■ DATA FOR ANALYSIS ■
%%

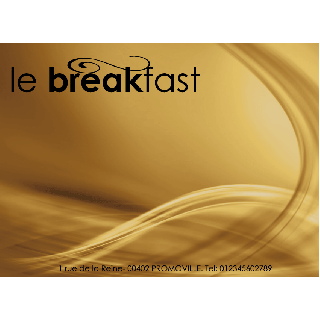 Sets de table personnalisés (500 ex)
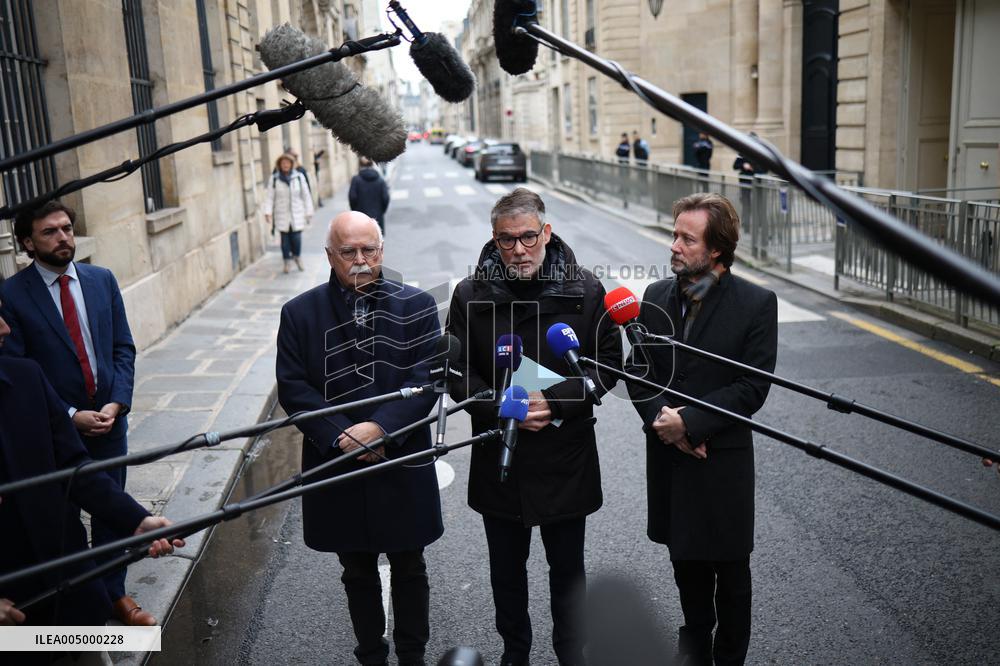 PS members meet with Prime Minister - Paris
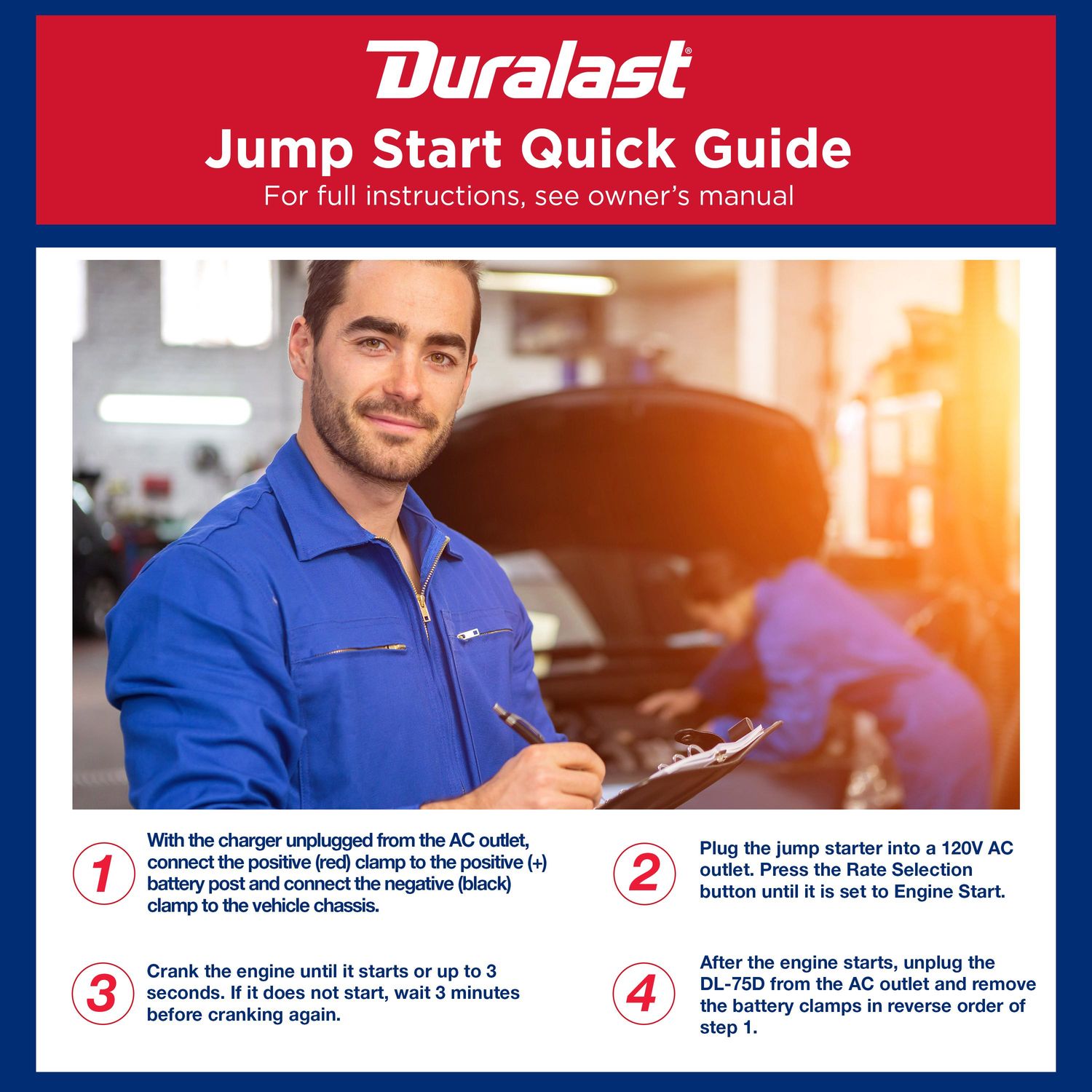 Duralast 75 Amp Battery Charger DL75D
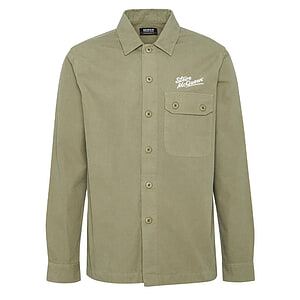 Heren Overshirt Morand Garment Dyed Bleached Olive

%%
%%

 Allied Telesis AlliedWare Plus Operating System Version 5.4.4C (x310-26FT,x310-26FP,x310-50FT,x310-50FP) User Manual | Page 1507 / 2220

%%

Using the records above, print exactly the lines between the ones containing "PS members meet with Prime Minister - Paris" and "Heren Overshirt Morand", inclusive, and nothing else; no pictures.

■ SOLUTION FOR THIS EXERCISE ■
 PS members meet with Prime Minister - Paris
 Duralast 75 Amp Battery Charger DL75D
 Heren Overshirt Morand Garment Dyed Bleached Olive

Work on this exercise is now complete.